**Work task**
Write out again the lines from the line with "2026年の中古車市場予測｜売り時と買い時を見極める実践ガイド" up to and including the line with "Lounge Chair Karo", exactly as they stand below, and skip any picture.

**Data to examine**
.....

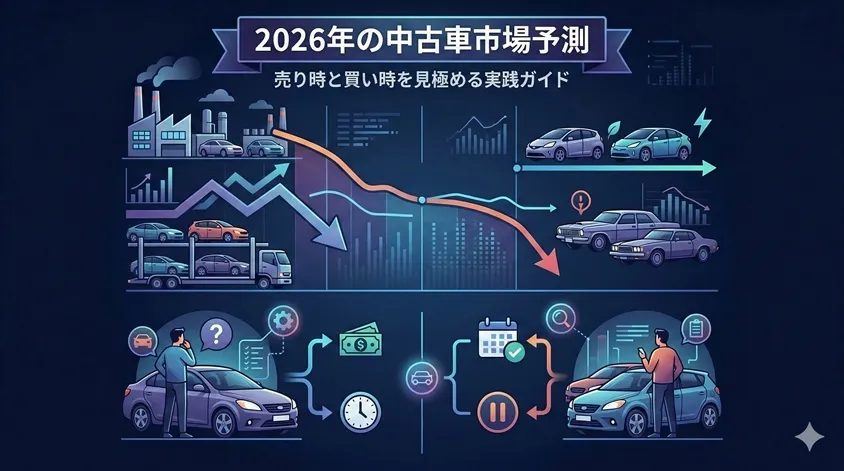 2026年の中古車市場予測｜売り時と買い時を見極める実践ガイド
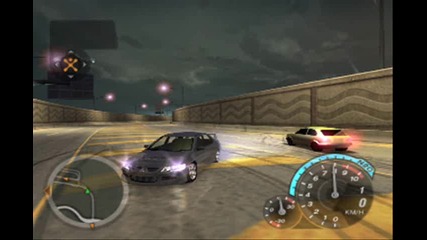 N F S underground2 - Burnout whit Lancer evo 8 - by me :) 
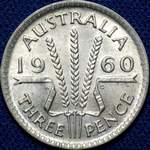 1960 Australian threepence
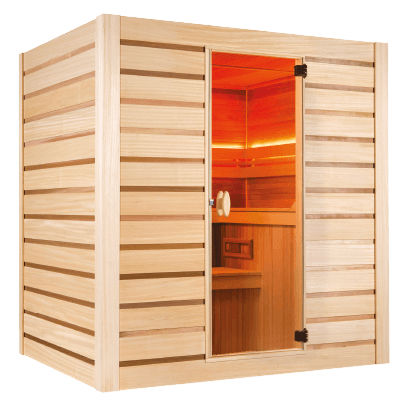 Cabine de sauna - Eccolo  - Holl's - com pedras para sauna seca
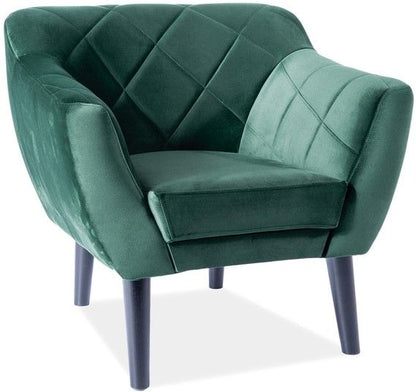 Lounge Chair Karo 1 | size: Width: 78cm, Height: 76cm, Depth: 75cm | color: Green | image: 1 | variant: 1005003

.....

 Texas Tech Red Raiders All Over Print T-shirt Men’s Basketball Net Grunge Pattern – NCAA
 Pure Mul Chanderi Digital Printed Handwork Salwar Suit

.....

**Expected answer**
 2026年の中古車市場予測｜売り時と買い時を見極める実践ガイド
 N F S underground2 - Burnout whit Lancer evo 8 - by me :) 
 1960 Australian threepence
 Cabine de sauna - Eccolo  - Holl's - com pedras para sauna seca
 Lounge Chair Karo 1 | size: Width: 78cm, Height: 76cm, Depth: 75cm | color: Green | image: 1 | variant: 1005003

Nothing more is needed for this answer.